El poeta Julio Herranz se defiende del ruido del verano en la intimidad de su casa en Platja d’en Bossa.

Para el poeta y periodista Julio Herranz, andaluz de Cádiz y residente en Eivissa desde 1974, su rincón preferido le pilla bien cerquita, ya que asegura que es su propio domicilio, al principio de Platja d'en Bossa, aún en Vila; en una zona menos ruidosa que la que corresponde al municipio de Sant Josep.
Así, «reconociendo que la edad tiene bastante que ver ('nosotros, los de entonces, ya no somos los mismos', que diría Neruda), para mi forma de ser y estar actual, te aseguro que mi casa es mi refugio favorito contra el agobio estival. Simplemente por autodefensa contra las agresiones varias del verano ibicenco. Es decir, soy un disidente radical del mundo de las discotecas, los hoteles disco, los beach clubs-disco, los aeropuertos-disco y la madre que los parió-disco. Eso de hacer de Eivissa una franquicia discotequera, un monocultivo insufrible, me parece una vergonzosa bajada de pantalones. Y el argumento de que es el negocio que deja más rentabilidad, y, por lo tanto, hay que someterse al ‘interés general' (tan particular de varios empresarios), me parece una falacia y una falta de imaginación. En la variedad debería estar el gusto. Por lo menos, pediría a los responsables políticos de la isla que hagan respetar la ley y las normas de convivencia. Es lo mínimo que se les puede exigir», apuntó.
Por lo tanto, «como tampoco tengo madera de mártir, cuando no puedo aguantar algo, me quito de en medio y vuelvo a mis libros, mi música (de muchos estilos y épocas) y mi soledad sonora. Nada que ver con el ‘paraíso' ibicenco que venden los que cortan el bacalao, pero al menos tengo la suerte de tener (alquilado) un discreto búnker para disfrutar de las cosas que más me apetece hacer en esta vida; y con absoluta libertad», precisó Herranz.

POEMA
‘VOYEUR': de ‘La mirada perdida', Premio ‘Rafael Alberti':
«Abierta sobre el mar, la terraza es un punto de vista tentador frente al que pasa, con sus dones, el clamor de la vida.
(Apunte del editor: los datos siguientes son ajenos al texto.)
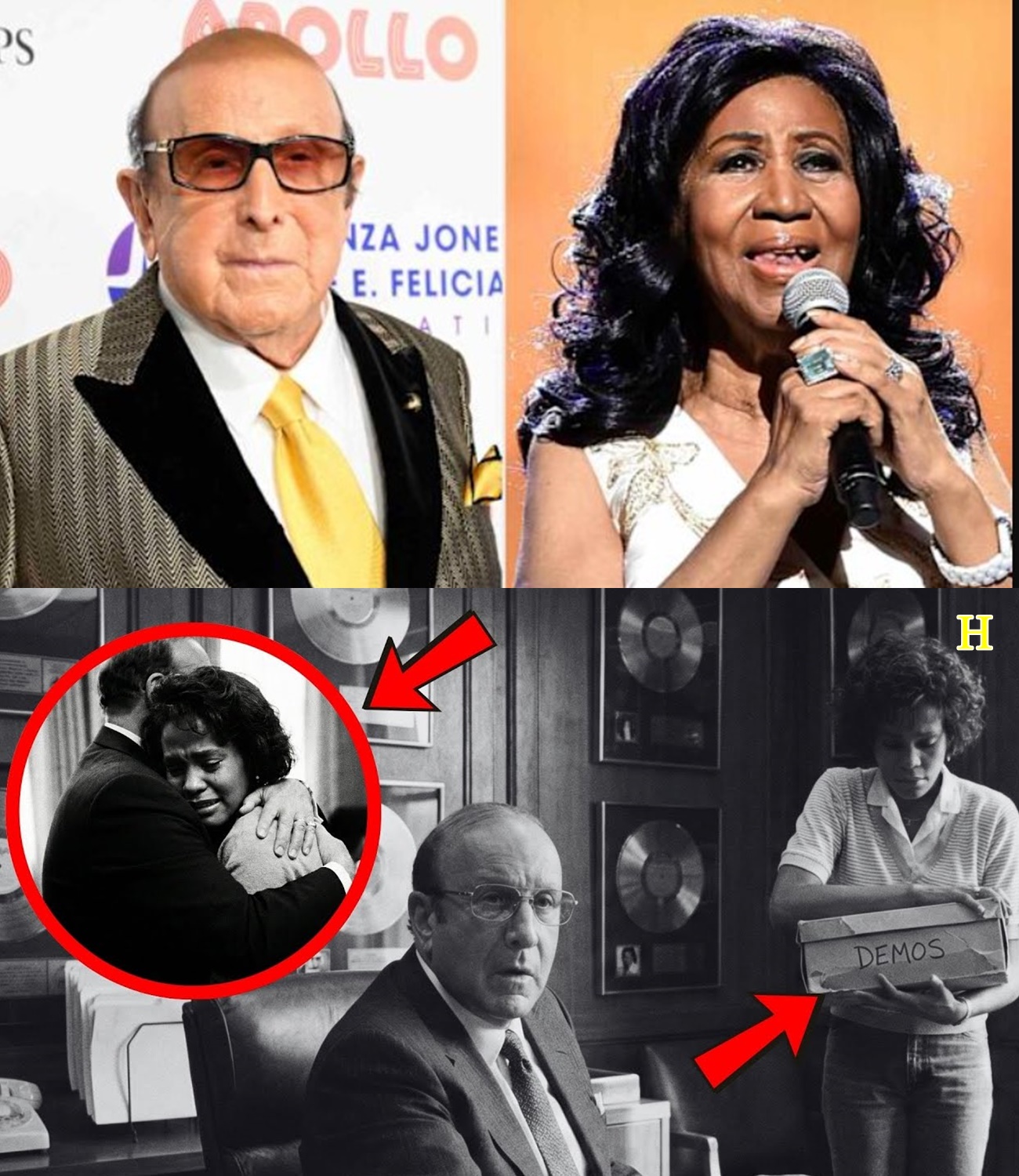 Clive Davis Heard 1000 Singers That Year — Then THIS Girl Made Him Stop Everything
El solitario recibe en sus prismáticos la seducción de un torso, piernas, rostros que soliviantan su crispado deseo. No osara descender a la playa; le asusta la belleza y guarda la distancia. Sólo pretende ser testigo fugaz del cruel estío, lejos del tacto y su peligro; en morbosa inocencia. Hasta se cree feliz el muy cobarde».